LOS ANGELES --The union that represents California State University faculty said Monday it is preparing for a five-day strike at the system's 23 campuses, by far the largest walkout since professors and instructors won collective bargaining rights in the early 1980s.
The California Faculty Association's board of directors voted Friday night to schedule a strike for April 13-15 and April 18-19 unless Cal State administrators before then increase the size of the pay raises the union's 26,000 members will receive this school year, President Jennifer Eagan said.
The strike holds the potential to bring the campuses to a virtual standstill. The association represents counselors, librarians and coaches as well as faculty members who would cancel classes and skip scheduled office hours to walk picket lines, Eagan said.

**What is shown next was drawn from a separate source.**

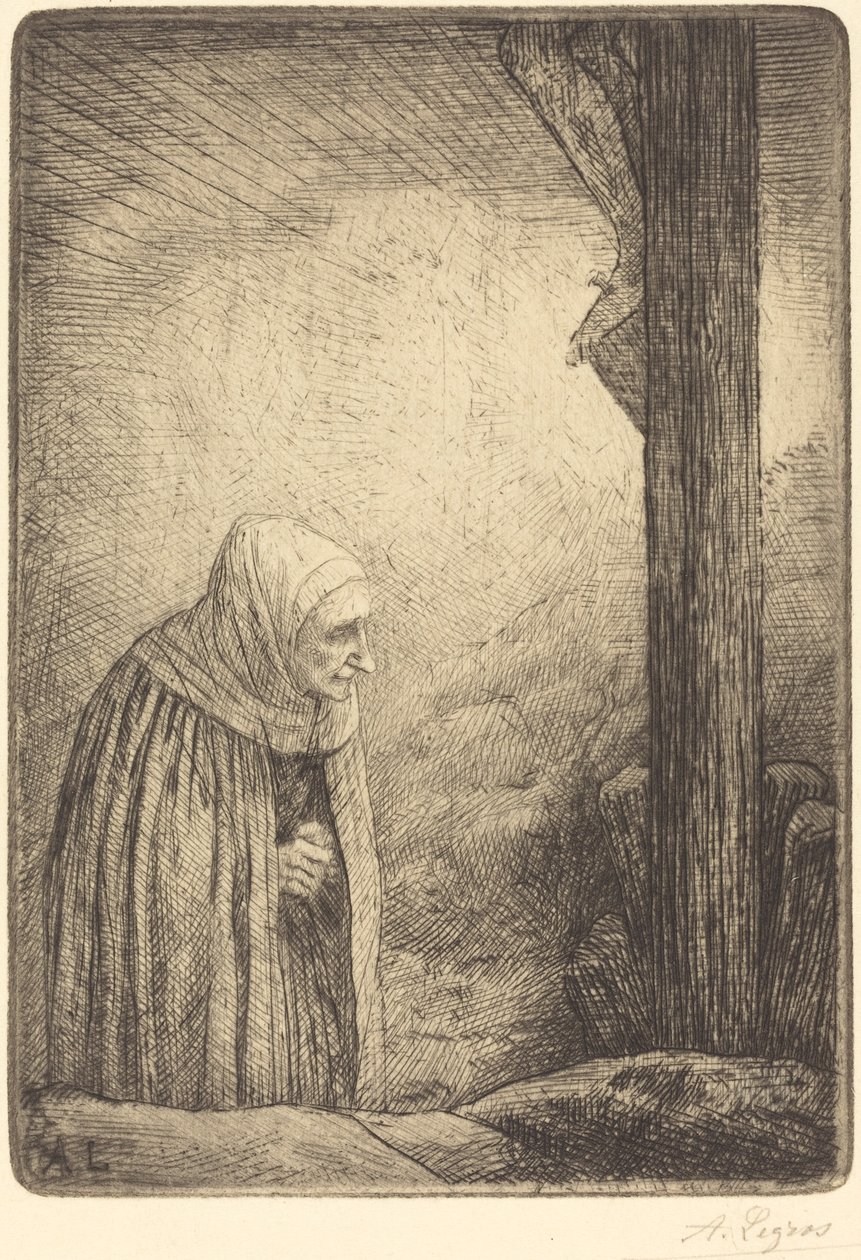 Kvinne ved foten av korset Femme au calvaire. av Alphonse Legros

"The strike would be a historic strike," Eagan said. "If it happens, it will impact the CSU for a very long time."
Allied labor organizations that represent custodians, bus drivers and other support staff have agreed not to cross the lines, if a work stoppage is called, she said.
The CSU chancellor's office did not have immediate comment on the union's plans. The administration previously has said the raises the union is seeking would cost $69 million that already has been pledged to increasing enrollment, hiring more faculty, and initiatives to improve graduation rates.
Union members currently are in the second-year of a three-year contract that included across-the-board pay raises of 1.6 percent and 3 percent raises for some coaches and part-time instructors for the 2014-15 school year.
Under that contract, salaries for subsequent years have to be renegotiated and the two sides have been unable to reach an agreement since talks resumed in May. The faculty association is seeking a 5 percent salary increase for 2015-16. The university is offering raises of 2 percent.
The labor dispute is currently in the hands of an independent fact-finding panel that is scheduled to release its findings next month. If a resolution still can't be reached, the faculty would be authorized to strike.
CSU campuses enroll about 460,000 students, making it the nation's largest public university system. Although the faculty union held a one-day work stoppage at two campuses in 2011, the system has not been subject to a full faculty strike since system-wide collective bargaining began in the early 1980s.